» **What this task involves**
Below is a set of records. Repeat them verbatim without the pictures.

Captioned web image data
·····
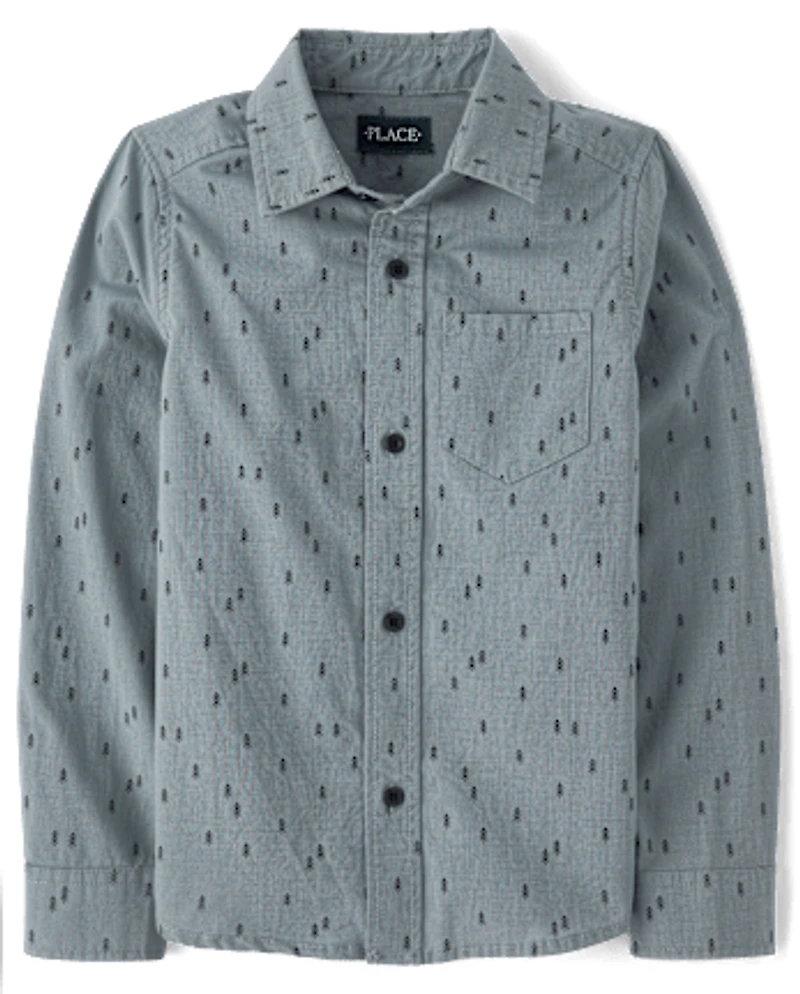 Boys Print Poplin Button Up Shirt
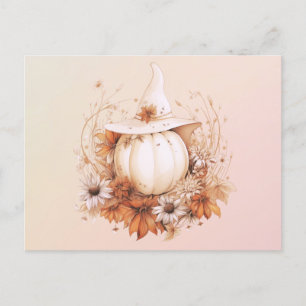 Bohemian White Pumpkins Witches Hat Halloween Holiday Postcard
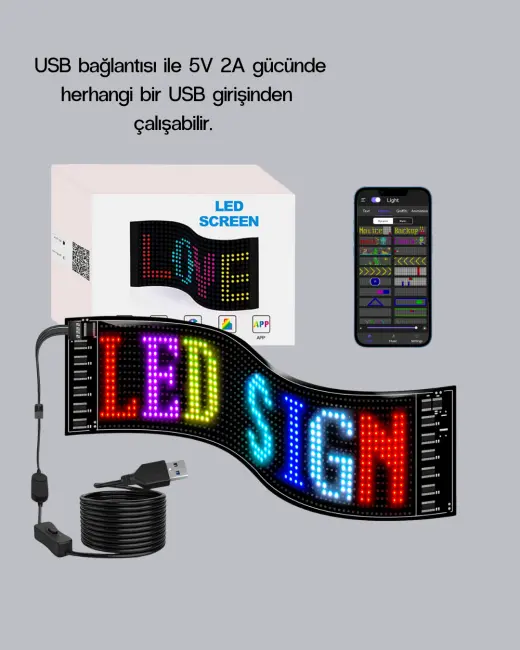 RGB LED Panel – Mobil Uyumlu Yazı ve GIF Destekli USB Bağlantılı Dekoratif Ekran
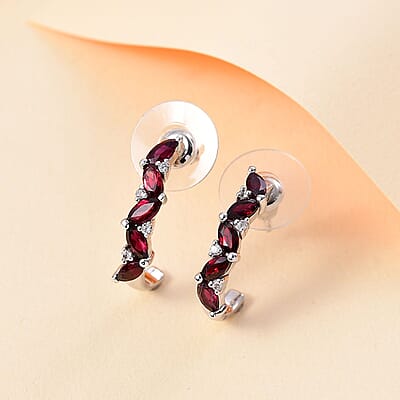 D'Joy Premium Anthill Garnet and White Zircon 2.10 ctw J-Hoop Earrings in Rhodium Over Sterling Silver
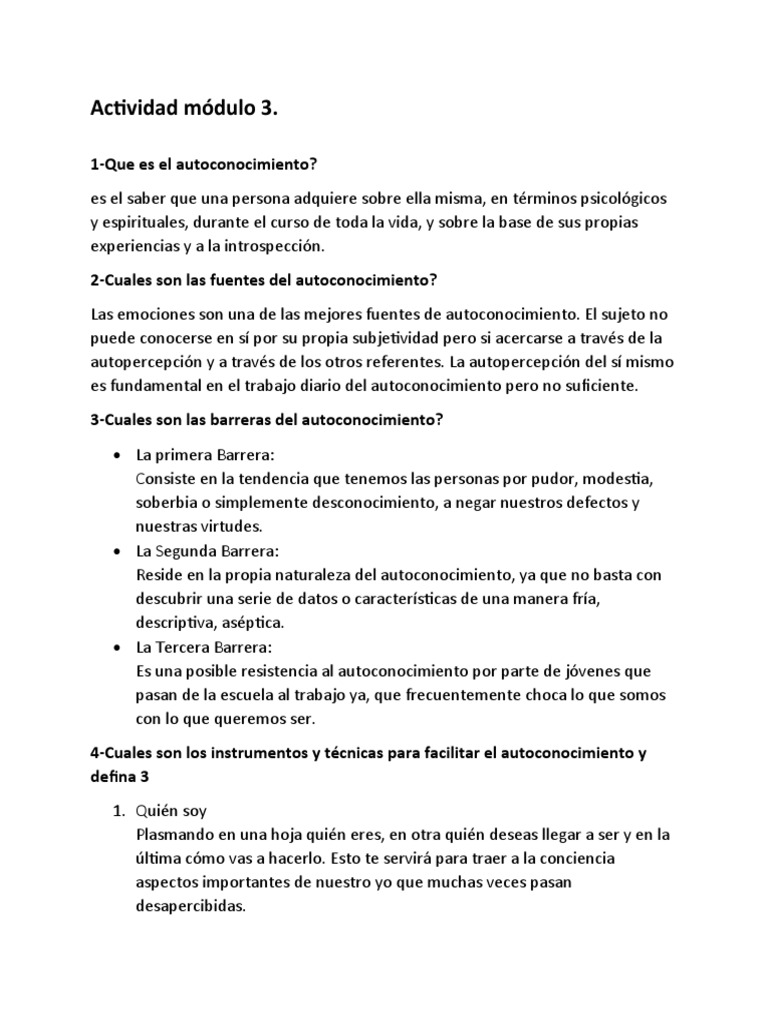 Barreras y herramientas del autoconocimiento | PDF | Autoestima ...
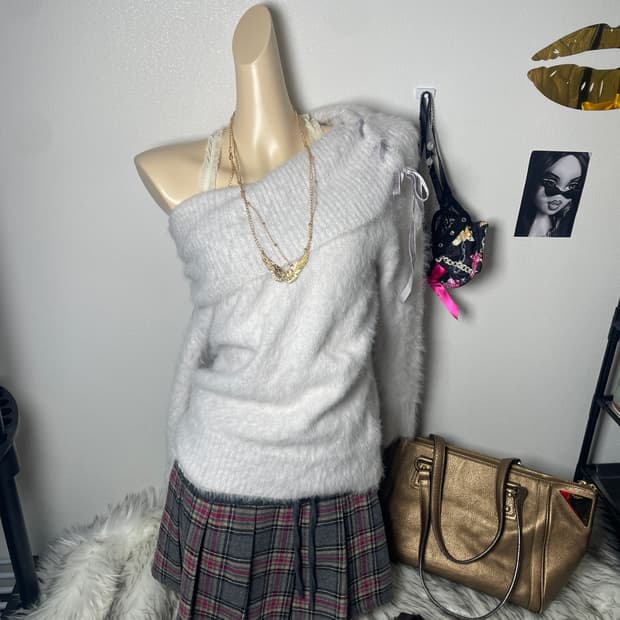 빈티지 연보라 리본 아일렛 앙고라니트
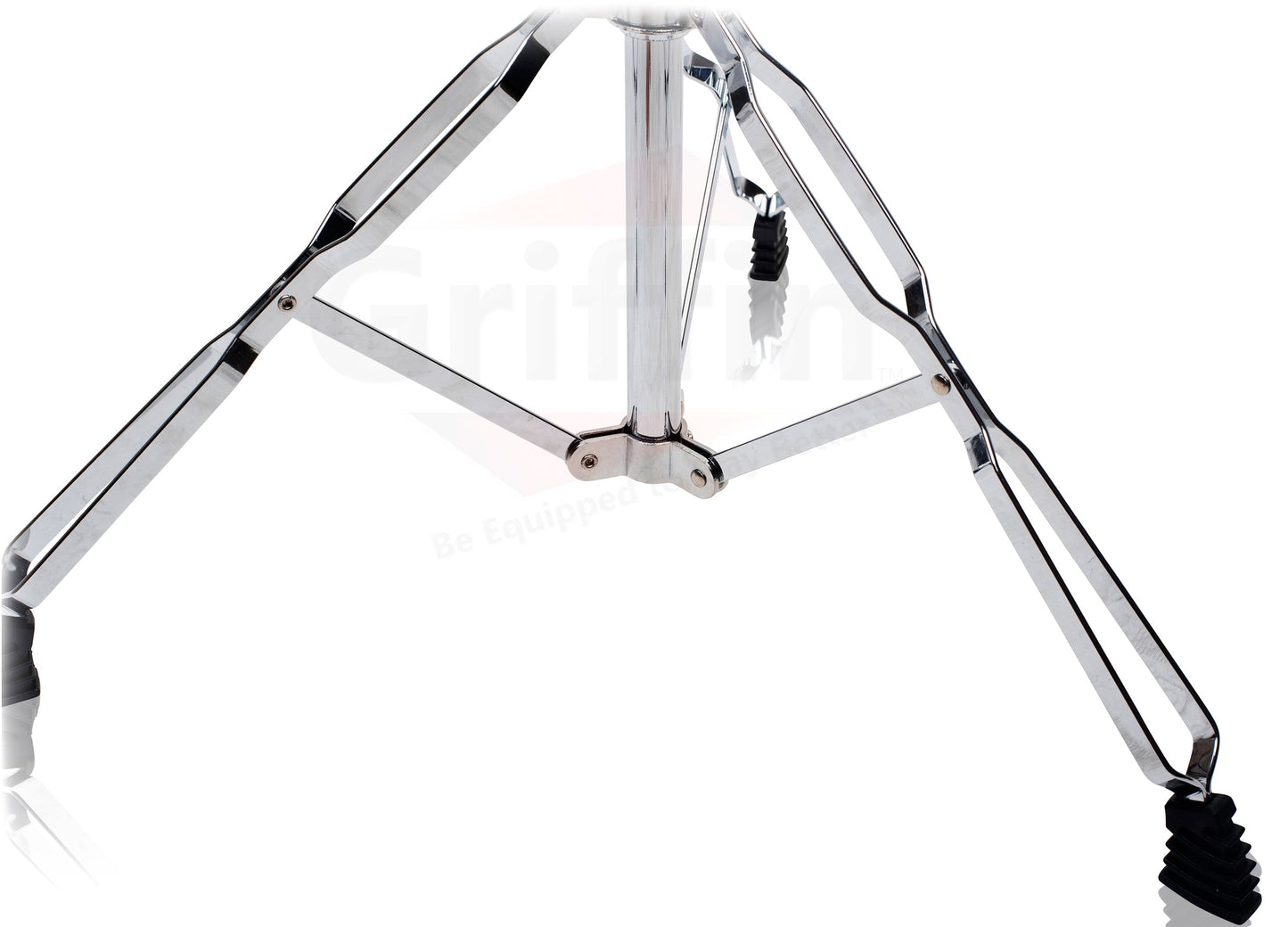 Double Tom Drum Stand with Cymbal Arm by GRIFFIN | Drummers Percussion Set Hardware with Dual Drum Mounts | Medium Duty Tom Holder with Double Braced Tripod Legs | Accommodates All Standard Cymbals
·····
» **Solved problem**
 Boys Print Poplin Button Up Shirt
 Bohemian White Pumpkins Witches Hat Halloween Holiday Postcard
 RGB LED Panel – Mobil Uyumlu Yazı ve GIF Destekli USB Bağlantılı Dekoratif Ekran
 D'Joy Premium Anthill Garnet and White Zircon 2.10 ctw J-Hoop Earrings in Rhodium Over Sterling Silver
 Barreras y herramientas del autoconocimiento | PDF | Autoestima ...
 빈티지 연보라 리본 아일렛 앙고라니트
 Double Tom Drum Stand with Cymbal Arm by GRIFFIN | Drummers Percussion Set Hardware with Dual Drum Mounts | Medium Duty Tom Holder with Double Braced Tripod Legs | Accommodates All Standard Cymbals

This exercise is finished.